What you have to do - From the material below, return exactly the lines starting at the one that holds "Teal blue ikkat, block" and ending at the one that holds "Woman holding gold". Pictures stay out of the answer.

Supplied data -

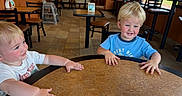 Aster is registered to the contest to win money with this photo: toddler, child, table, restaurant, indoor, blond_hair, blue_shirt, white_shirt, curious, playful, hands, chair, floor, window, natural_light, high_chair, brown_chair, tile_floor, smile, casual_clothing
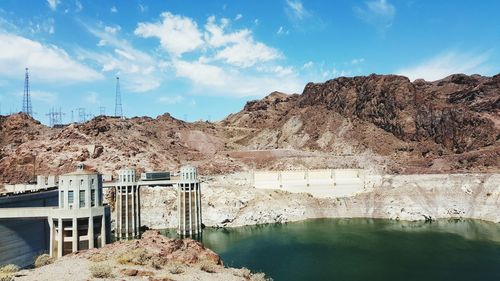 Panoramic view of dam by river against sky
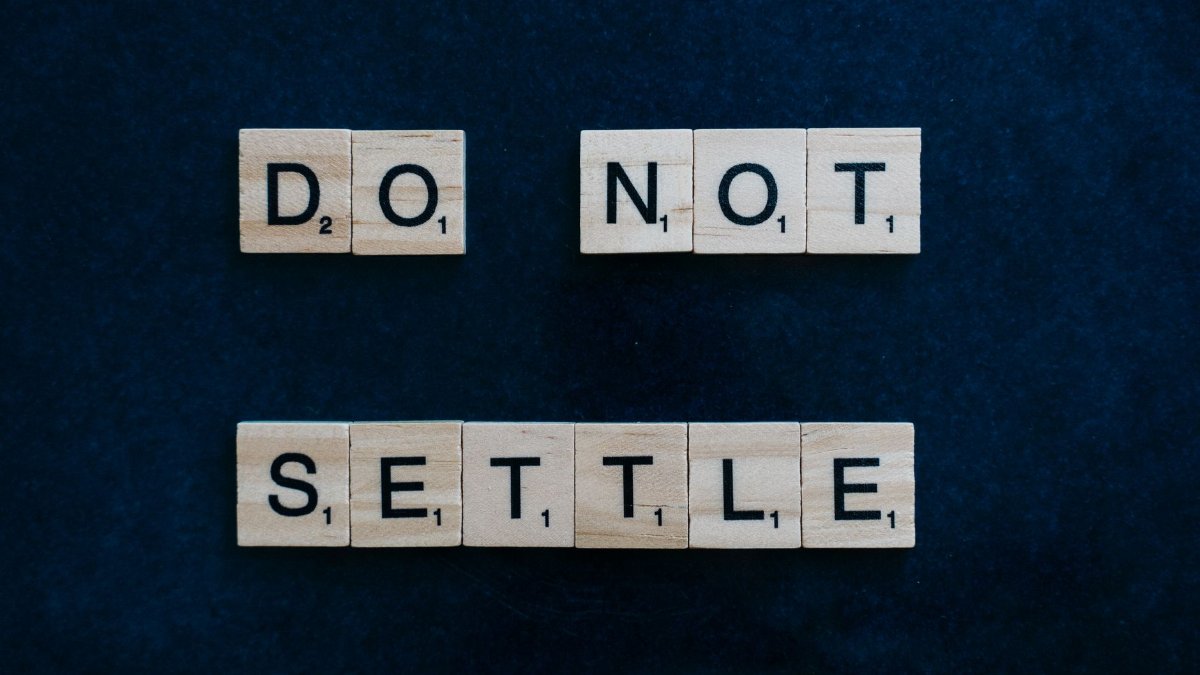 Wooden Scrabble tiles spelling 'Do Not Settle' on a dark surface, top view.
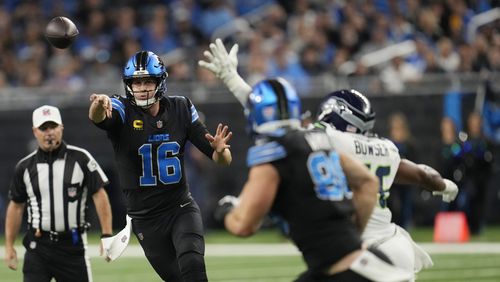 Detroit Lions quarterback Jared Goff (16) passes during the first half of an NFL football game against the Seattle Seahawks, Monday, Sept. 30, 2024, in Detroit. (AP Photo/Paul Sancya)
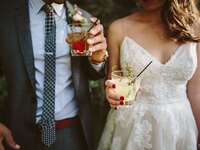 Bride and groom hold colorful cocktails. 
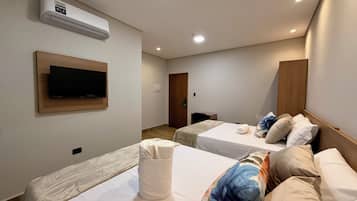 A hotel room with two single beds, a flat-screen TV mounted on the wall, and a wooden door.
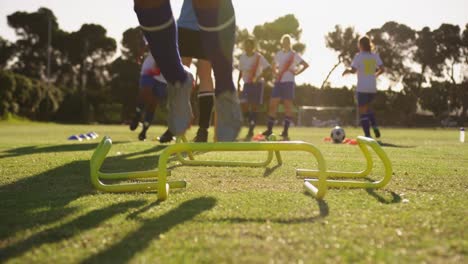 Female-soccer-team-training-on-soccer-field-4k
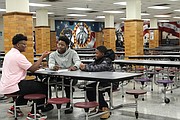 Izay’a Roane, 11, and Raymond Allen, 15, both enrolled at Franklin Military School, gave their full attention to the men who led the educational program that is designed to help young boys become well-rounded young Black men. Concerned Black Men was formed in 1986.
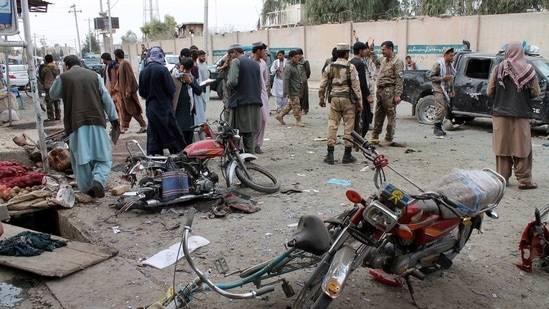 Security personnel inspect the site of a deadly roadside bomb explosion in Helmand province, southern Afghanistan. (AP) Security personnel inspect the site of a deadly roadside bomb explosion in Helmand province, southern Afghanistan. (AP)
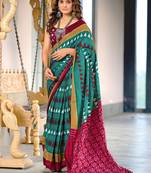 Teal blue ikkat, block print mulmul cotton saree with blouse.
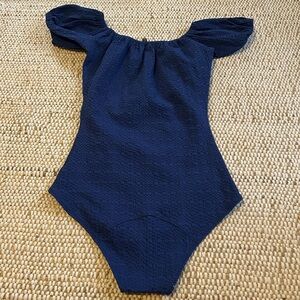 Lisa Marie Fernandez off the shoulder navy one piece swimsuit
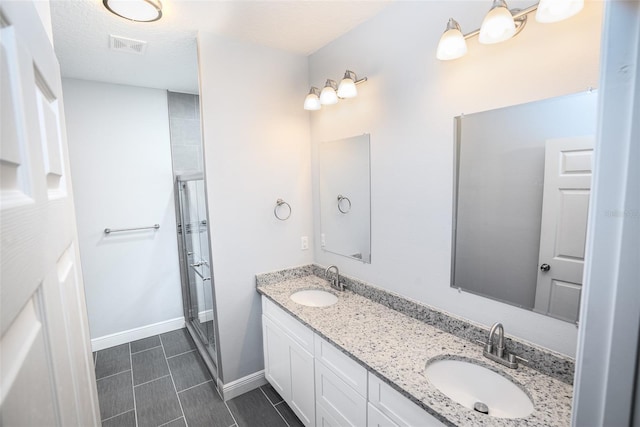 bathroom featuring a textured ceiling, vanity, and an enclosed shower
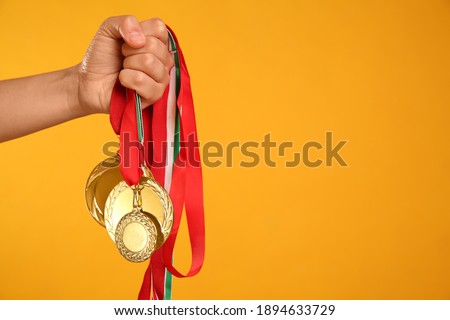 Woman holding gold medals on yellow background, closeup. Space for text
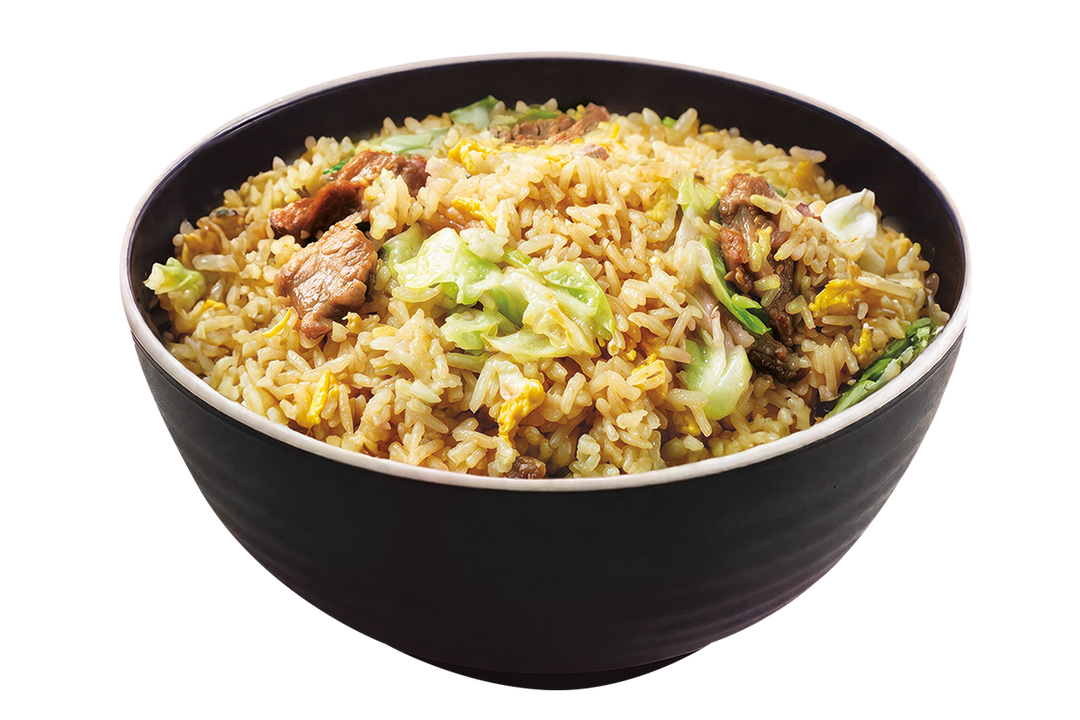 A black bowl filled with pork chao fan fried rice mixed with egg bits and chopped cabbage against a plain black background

---

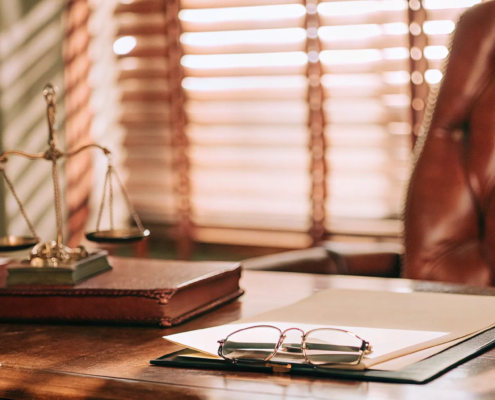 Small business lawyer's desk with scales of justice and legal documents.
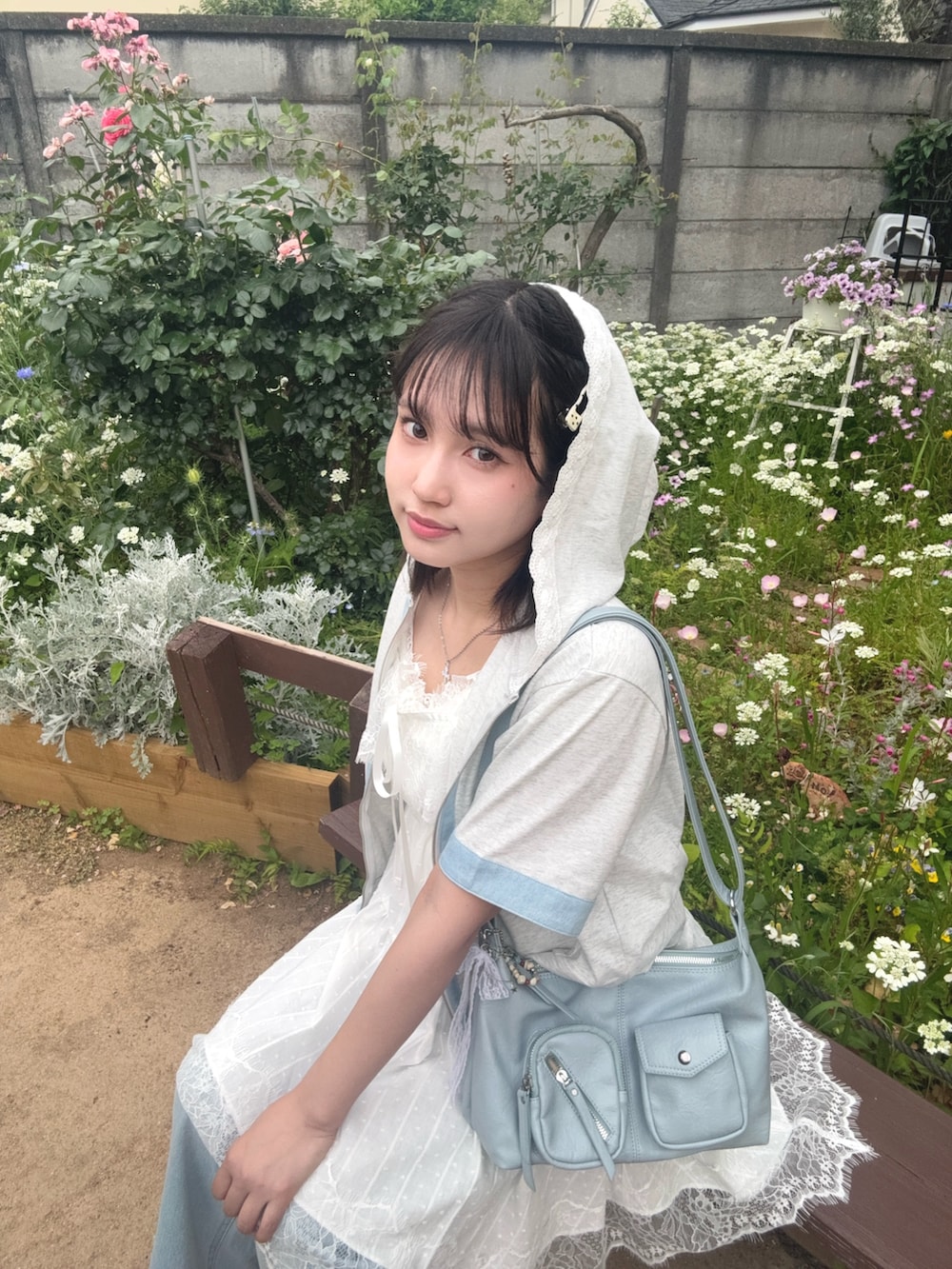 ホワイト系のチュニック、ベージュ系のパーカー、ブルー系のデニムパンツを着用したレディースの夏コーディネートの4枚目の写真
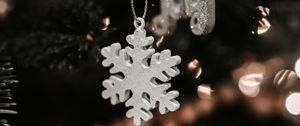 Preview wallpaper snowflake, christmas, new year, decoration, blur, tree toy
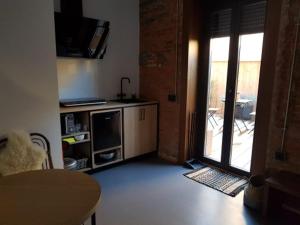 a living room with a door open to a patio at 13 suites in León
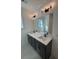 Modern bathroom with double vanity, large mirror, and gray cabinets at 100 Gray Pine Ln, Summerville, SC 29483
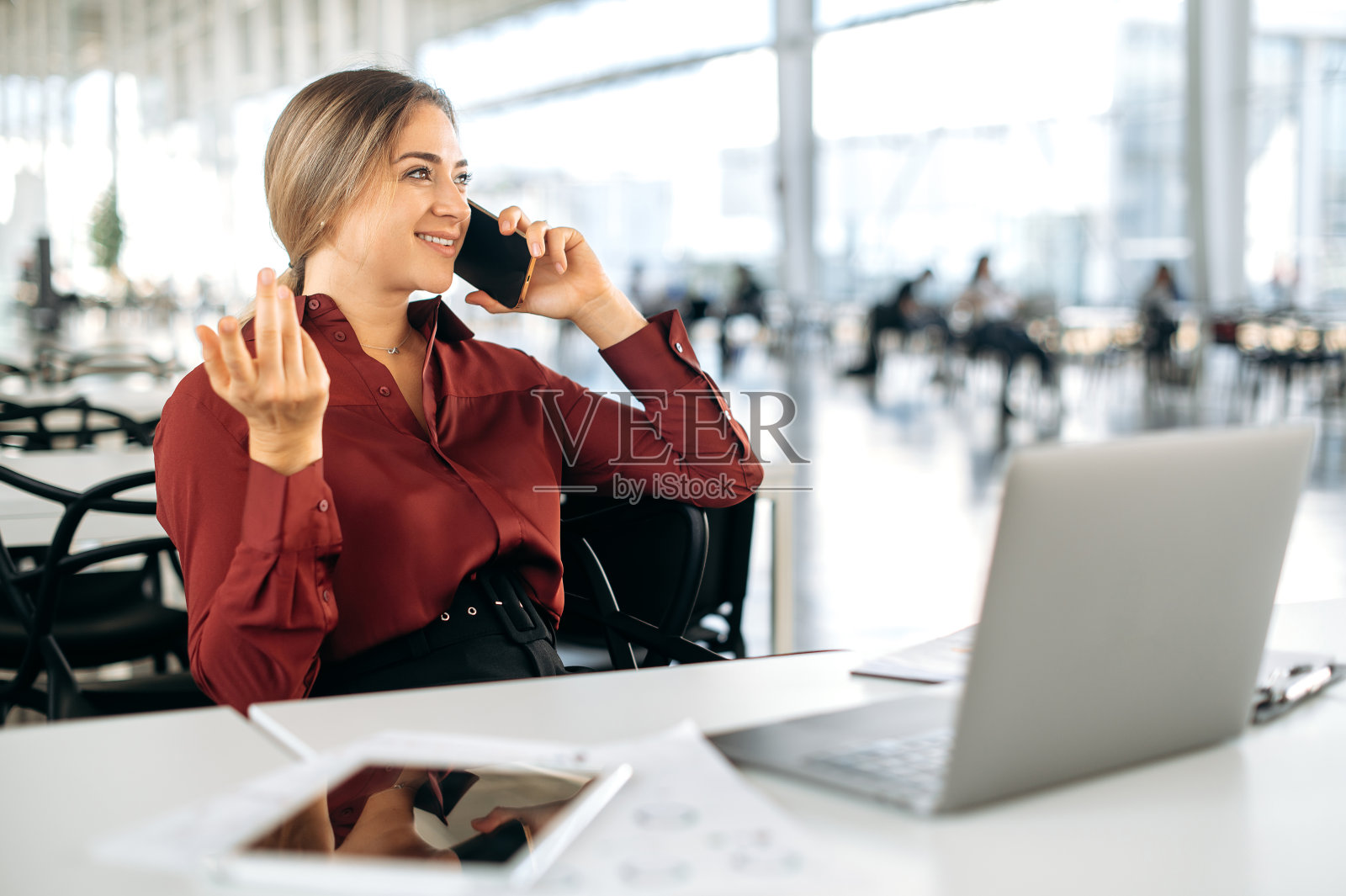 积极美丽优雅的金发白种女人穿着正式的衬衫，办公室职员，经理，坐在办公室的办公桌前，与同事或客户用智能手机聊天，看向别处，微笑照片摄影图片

==

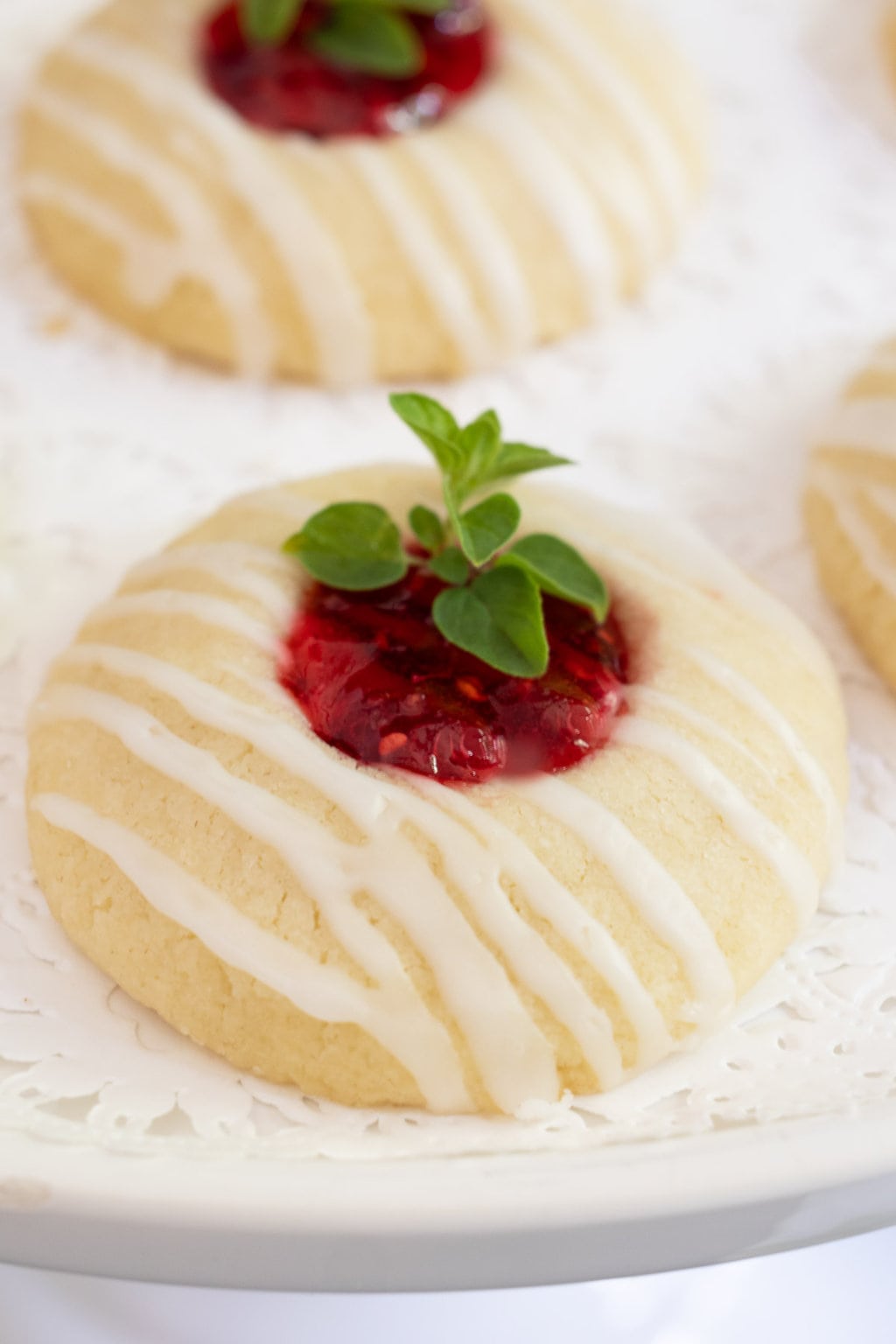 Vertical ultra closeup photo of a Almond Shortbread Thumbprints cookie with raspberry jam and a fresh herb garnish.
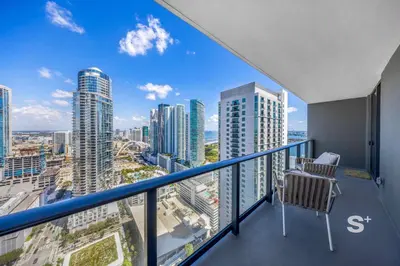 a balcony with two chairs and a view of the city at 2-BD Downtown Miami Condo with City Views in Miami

Task result -
 Teal blue ikkat, block print mulmul cotton saree with blouse.
 Lisa Marie Fernandez off the shoulder navy one piece swimsuit
 bathroom featuring a textured ceiling, vanity, and an enclosed shower
 Woman holding gold medals on yellow background, closeup. Space for text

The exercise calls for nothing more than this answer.